Nun stand John McLaughlin am 18. Februar 1969 zusammen mit Davis im New Yorker CBS-Studio und zerbrach sich den Kopf, was der Mann, den so viele den „Fürsten der Finsternis“ nannten, eigentlich von ihm wollte. Bislang hatte er sich für einen ganz annehmbaren Gitarristen gehalten, aber noch nie so auf dem Schlauch gestanden.
„Ich schwitzte am ganzen Körper, und er sagt zu mir: ‚Wieso spielst du nicht so, als könntest du gar nicht Gitarre spielen?’ Und ich denke, will der mich auf den Arm nehmen, sich ein Späßchen auf meine Kosten machen? Was bitte meint er damit, dass ich so spielen soll, als hätte ich’s nicht drauf? Das ist voll Zen, ein Koan.“
Wie klingt eine klatschende Hand?
Ein Koan, das ist eine unlösbare Rätselfrage, die Zen-Meister ihren Schülern stellen, um diese zu tieferer Erkenntnis gelangen zu lassen; eins der berühmtesten Koans lautet: „Du kennst den Klang von zwei klatschenden Händen. Wie klingt das Geräusch einer klatschenden Hand?“
Aber der Witz an Miles Davis’ Koan bestand darin, dass das rote Licht bereits an war – Band läuft. Seine Improvisationen auf Davis’ Album „In a Silent Way“ und dem Nachfolger „Bitches Brew“ sollten John McLaughlin aus dem britischen Yorkshire weltberühmt machen. Und nicht nur ihn, sondern gleich ein ganzes Genre, das Fusion genannt wurde; eine elektrifizierte Kombination von Jazz-, Rock- und Funk-Elementen.

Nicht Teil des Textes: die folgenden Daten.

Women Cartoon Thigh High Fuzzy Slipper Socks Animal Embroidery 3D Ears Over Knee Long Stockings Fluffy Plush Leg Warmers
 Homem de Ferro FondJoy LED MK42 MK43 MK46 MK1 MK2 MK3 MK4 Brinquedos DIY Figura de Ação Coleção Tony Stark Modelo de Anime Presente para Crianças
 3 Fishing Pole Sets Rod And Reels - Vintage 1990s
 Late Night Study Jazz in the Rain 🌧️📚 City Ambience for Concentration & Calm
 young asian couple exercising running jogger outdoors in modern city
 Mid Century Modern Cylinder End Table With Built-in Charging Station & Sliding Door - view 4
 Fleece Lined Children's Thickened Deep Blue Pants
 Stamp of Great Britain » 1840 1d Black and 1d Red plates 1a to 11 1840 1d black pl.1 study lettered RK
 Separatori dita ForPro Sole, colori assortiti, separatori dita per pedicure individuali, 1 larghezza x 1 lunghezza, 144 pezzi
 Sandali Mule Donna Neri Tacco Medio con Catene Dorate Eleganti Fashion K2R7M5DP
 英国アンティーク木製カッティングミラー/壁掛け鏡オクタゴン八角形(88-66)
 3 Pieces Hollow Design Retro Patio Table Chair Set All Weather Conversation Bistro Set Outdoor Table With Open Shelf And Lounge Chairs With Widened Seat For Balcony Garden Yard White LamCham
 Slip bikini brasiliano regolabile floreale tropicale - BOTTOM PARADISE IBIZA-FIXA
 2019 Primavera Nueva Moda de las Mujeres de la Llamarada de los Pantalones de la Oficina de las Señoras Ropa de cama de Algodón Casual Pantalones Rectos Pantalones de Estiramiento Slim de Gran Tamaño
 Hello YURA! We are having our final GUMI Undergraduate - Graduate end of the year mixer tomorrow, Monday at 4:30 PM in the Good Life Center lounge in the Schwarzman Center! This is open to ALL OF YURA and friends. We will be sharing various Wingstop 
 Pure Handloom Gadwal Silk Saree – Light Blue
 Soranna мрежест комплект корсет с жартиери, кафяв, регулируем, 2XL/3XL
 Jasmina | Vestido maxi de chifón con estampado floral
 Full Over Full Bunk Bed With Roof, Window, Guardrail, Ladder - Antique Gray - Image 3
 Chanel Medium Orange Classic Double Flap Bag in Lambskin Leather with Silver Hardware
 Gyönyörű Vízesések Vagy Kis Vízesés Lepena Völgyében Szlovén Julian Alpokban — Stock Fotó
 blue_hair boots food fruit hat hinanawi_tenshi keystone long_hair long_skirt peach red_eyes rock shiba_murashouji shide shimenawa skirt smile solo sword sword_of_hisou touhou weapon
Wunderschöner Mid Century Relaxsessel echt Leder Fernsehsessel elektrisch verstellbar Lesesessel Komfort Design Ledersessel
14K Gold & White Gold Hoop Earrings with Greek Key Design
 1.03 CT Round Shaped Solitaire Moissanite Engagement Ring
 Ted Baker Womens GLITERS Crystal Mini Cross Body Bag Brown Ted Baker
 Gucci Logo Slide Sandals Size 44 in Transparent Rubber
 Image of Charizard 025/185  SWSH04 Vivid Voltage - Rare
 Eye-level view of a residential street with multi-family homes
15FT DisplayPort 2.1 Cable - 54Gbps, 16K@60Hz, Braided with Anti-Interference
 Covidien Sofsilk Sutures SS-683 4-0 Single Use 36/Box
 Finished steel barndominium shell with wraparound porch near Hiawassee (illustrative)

Fusion Jazz – das war Provokation und Reanimation zugleich, und John McLaughlin stand als Galionsfigur an vorderster Bühnenfront. Erst mit Miles Davis, dann mit dem Schlagzeuger Tony Williams und schließlich mit seinen eigenen Bands Mahavishnu Orchestra und Shakti: mal bilderstürmerisch und molto furioso, mal weltmusikalisch, hypnotisch, meditativ.
Ohne Tradition keine Moderne
Musik und spirituelles Leben seien zwei Seiten derselben Medaille, betonte McLaughlin immer wieder. Und natürlich hat der Sohn einer Violinistin nie vergessen, dass es ohne Tradition keine Moderne gibt:
„Die harmonischen Grundstrukturen der europäischen Komponisten haben dem Jazz erst diese Tiefe und Ausdruckskraft verliehen", sagt John McLaughlin.
Herbie Hancock und Bill Evans seien, erklärt McLaughlin, "beide schwerst beeinflusst vom französischen Impressionismus eines Satie, eines Debussy, eines Ravel – die Harmonien, die den modernen Jazz geprägt haben, stammen in direkter Linie von diesen Komponisten.“
Das Risiko des Virtuosen
Als John McLaughlin 1980 mit Al Di Meola und Paco de Lucia das Akustik-Livealbum „Friday Night in San Francisco“ einspielte, galt er als schnellster Gitarrist der Welt – ein Virtuose, der das Hochrisiko lief, als olympischer Affe im Zirkus der Superlative verewigt zu werden.
Heute spielt er auch schon mal mit jungen Talenten Songs des Rappers Pharrell Williams auf der Veranda oder bringt mit seiner neuesten Formation, der 4th Dimension, noch einmal alles zusammen: seine Vorbilder Django Reinhardt, Bill Evans und John Coltrane, Mississippi Blues und Flamenco, kontemplative Trance und psychedelisches Stahlgewitter.
Womöglich steckt auch dahinter ein Zen-Gedanke: Um mit sich selbst eins zu werden, muss man ab und zu auch mal ein paar Welten verschmelzen.